* Dataset section
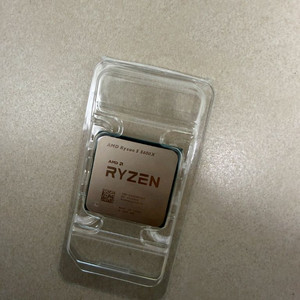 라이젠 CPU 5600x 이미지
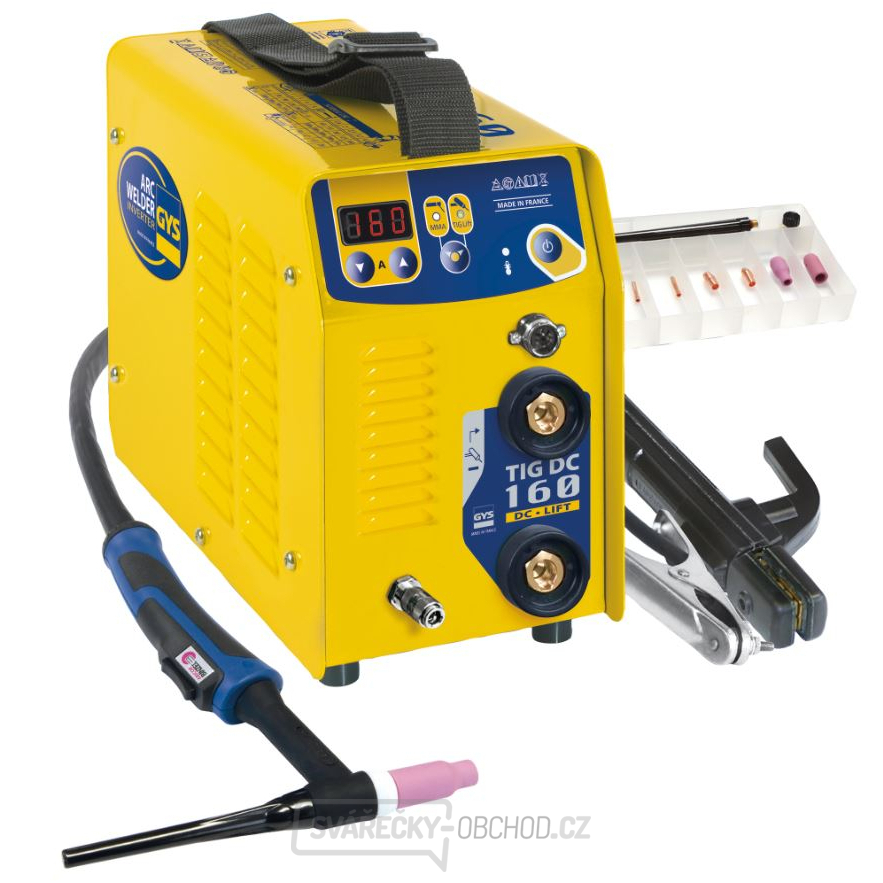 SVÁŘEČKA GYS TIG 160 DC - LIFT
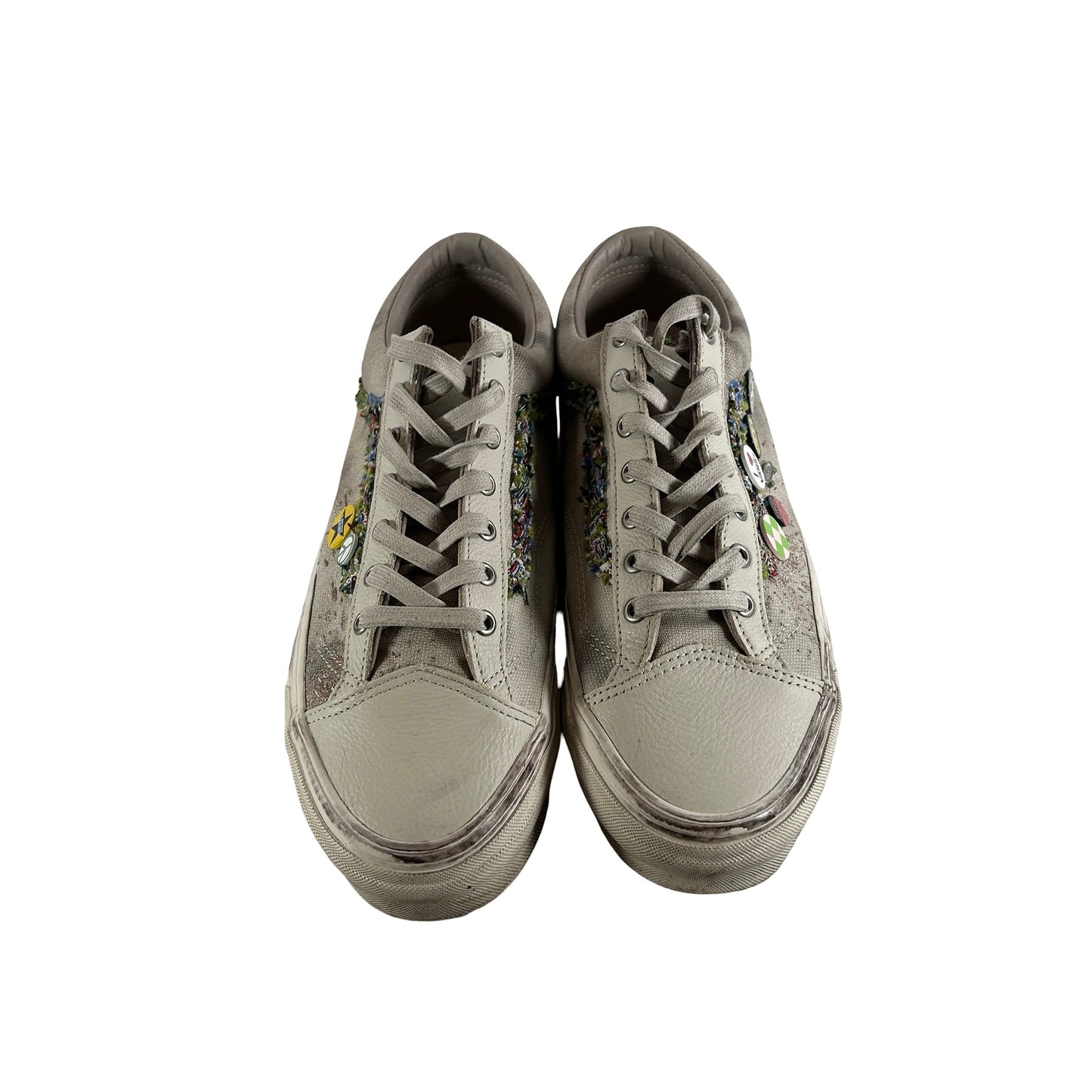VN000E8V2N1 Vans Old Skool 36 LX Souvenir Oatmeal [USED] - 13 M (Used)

* Your goal
Apart from the pictures, repeat the data above exactly.

* Answer area
 라이젠 CPU 5600x 이미지
 SVÁŘEČKA GYS TIG 160 DC - LIFT
VN000E8V2N1 Vans Old Skool 36 LX Souvenir Oatmeal [USED] - 13 M (Used)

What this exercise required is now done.